From: Chandan Babu R <chandan.babu@oracle.com>
To: Dave Chinner <david@fromorbit.com>
Cc: "Darrick J. Wong" <djwong@kernel.org>, linux-xfs@vger.kernel.org
Subject: Re: [PATCH V5 13/16] xfs: Conditionally upgrade existing inodes to use 64-bit extent counters
Date: Wed, 16 Feb 2022 18:04:22 +0530 [thread overview]
Message-ID: <87sfsjhtwx.fsf@debian-BULLSEYE-live-builder-AMD64> (raw)
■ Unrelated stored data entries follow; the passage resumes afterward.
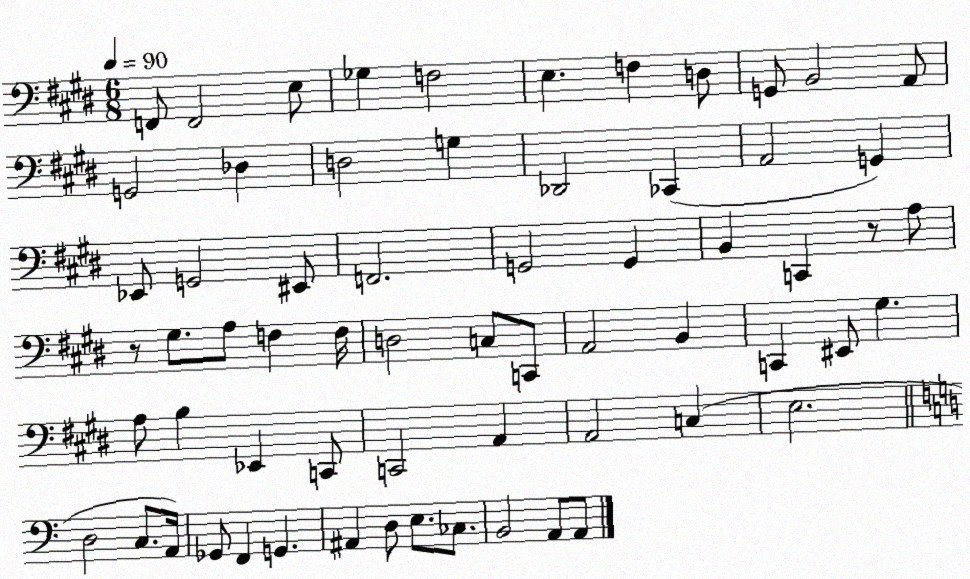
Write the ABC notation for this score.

X:1
T:Untitled
M:6/8
L:1/4
K:E
F,,/2 F,,2 E,/2 _G, F,2 E, F, D,/2 G,,/2 B,,2 A,,/2 G,,2 _D, D,2 G, _D,,2 _C,, A,,2 G,, _E,,/2 G,,2 ^E,,/2 F,,2 G,,2 G,, B,, C,, z/2 A,/2 z/2 ^G,/2 A,/2 F, F,/4 D,2 C,/2 C,,/2 A,,2 B,, C,, ^E,,/2 ^G, A,/2 B, _E,, C,,/2 C,,2 A,, A,,2 C, E,2 D,2 C,/2 A,,/4 _G,,/2 F,, G,, ^A,, D,/2 E,/2 _C,/2 B,,2 A,,/2 A,,/2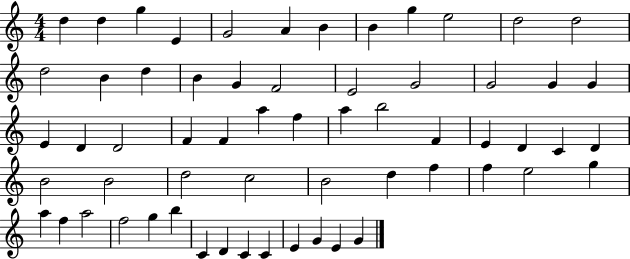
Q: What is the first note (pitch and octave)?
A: D5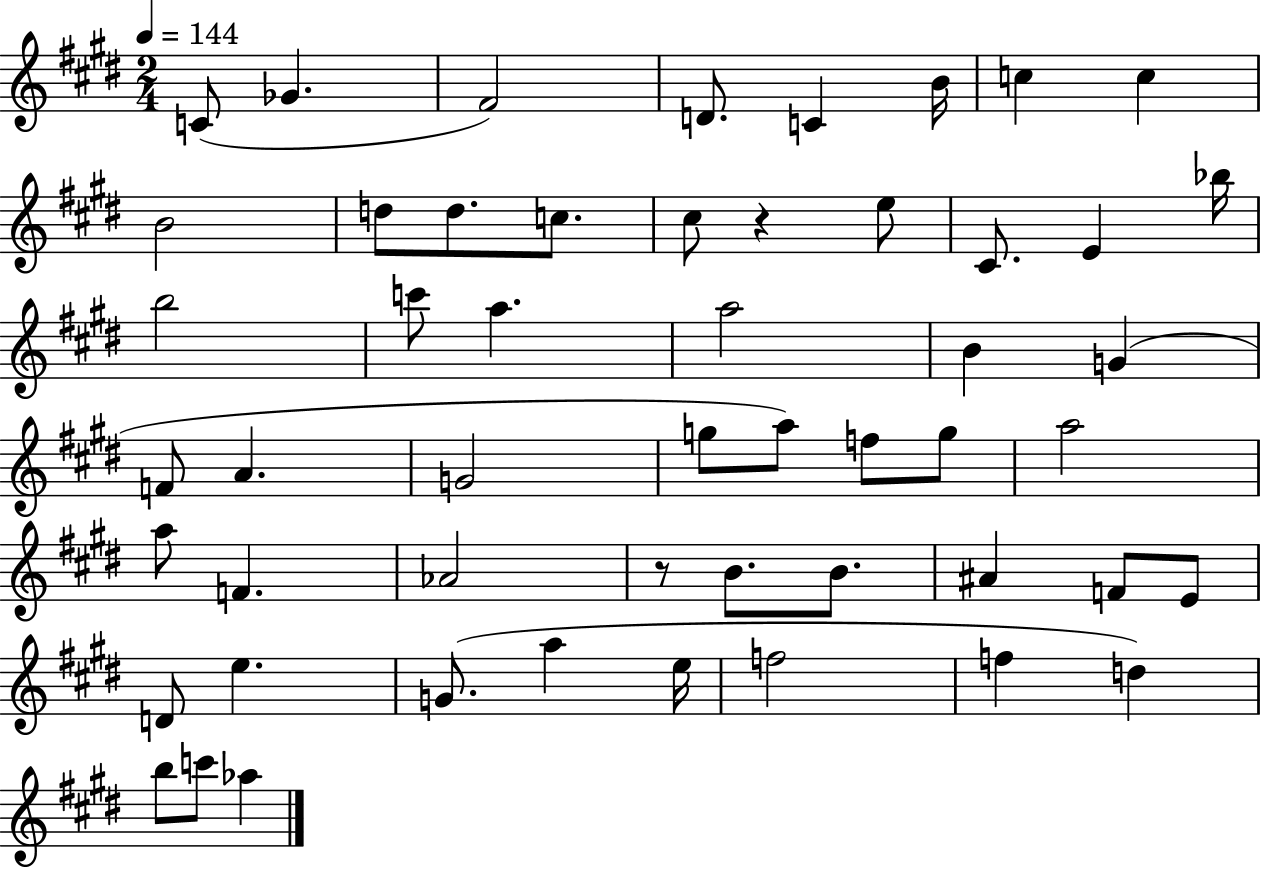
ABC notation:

X:1
T:Untitled
M:2/4
L:1/4
K:E
C/2 _G ^F2 D/2 C B/4 c c B2 d/2 d/2 c/2 ^c/2 z e/2 ^C/2 E _b/4 b2 c'/2 a a2 B G F/2 A G2 g/2 a/2 f/2 g/2 a2 a/2 F _A2 z/2 B/2 B/2 ^A F/2 E/2 D/2 e G/2 a e/4 f2 f d b/2 c'/2 _a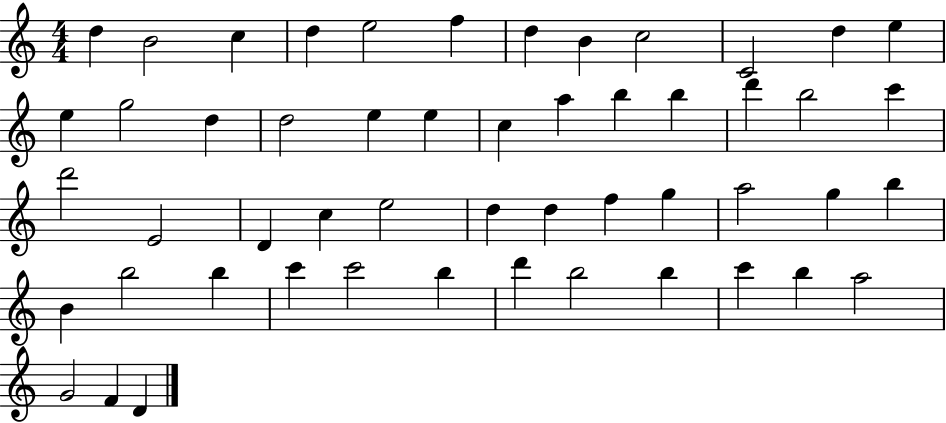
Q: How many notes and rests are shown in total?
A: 52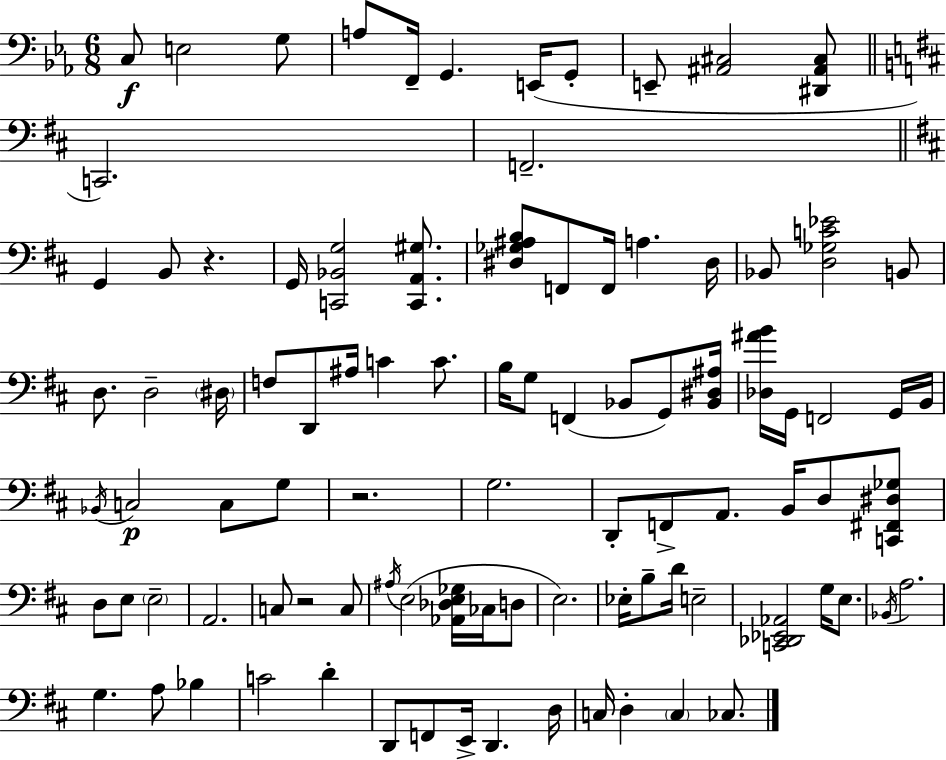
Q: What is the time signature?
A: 6/8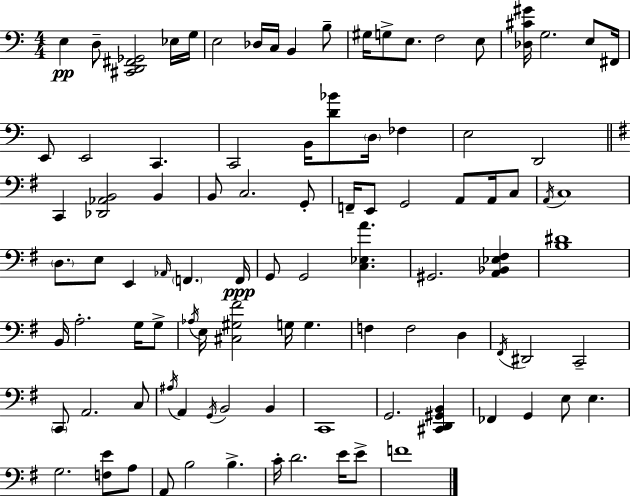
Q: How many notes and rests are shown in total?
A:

In-Reply-To: <20220216035951.GA59715@dread.disaster.area>
On 16 Feb 2022 at 09:29, Dave Chinner wrote:
> On Tue, Feb 15, 2022 at 05:16:33PM -0800, Darrick J. Wong wrote:
>> On Tue, Feb 15, 2022 at 06:46:16PM +0530, Chandan Babu R wrote:
>> > On 15 Feb 2022 at 17:03, Chandan Babu R wrote:
>> > > On 15 Feb 2022 at 15:03, Dave Chinner wrote:
>> > >> On Tue, Feb 15, 2022 at 12:18:50PM +0530, Chandan Babu R wrote:
>> > >>> On 14 Feb 2022 at 22:37, Darrick J. Wong wrote:
>> > >>> > On Fri, Feb 11, 2022 at 05:40:30PM +0530, Chandan Babu R wrote:
>> > >>> >> On 07 Feb 2022 at 22:41, Darrick J. Wong wrote:
>> > >>> >> > On Mon, Feb 07, 2022 at 10:25:19AM +0530, Chandan Babu R wrote:
>> > >>> >> >> On 02 Feb 2022 at 01:31, Darrick J. Wong wrote:
>> > >>> >> >> > On Fri, Jan 21, 2022 at 10:48:54AM +0530, Chandan Babu R wrote:
>> > >>> >> >> I went through all the call sites of xfs_iext_count_may_overflow() and I think
>> > >>> >> >> that your suggestion can be implemented.
>> > >>> >>
>> > >>> >> Sorry, I missed/overlooked the usage of xfs_iext_count_may_overflow() in
>> > >>> >> xfs_symlink().
>> > >>> >>
>> > >>> >> Just after invoking xfs_iext_count_may_overflow(), we execute the following
>> > >>> >> steps,
>> > >>> >>
>> > >>> >> 1. Allocate inode chunk
>> > >>> >> 2. Initialize inode chunk.
>> > >>> >> 3. Insert record into inobt/finobt.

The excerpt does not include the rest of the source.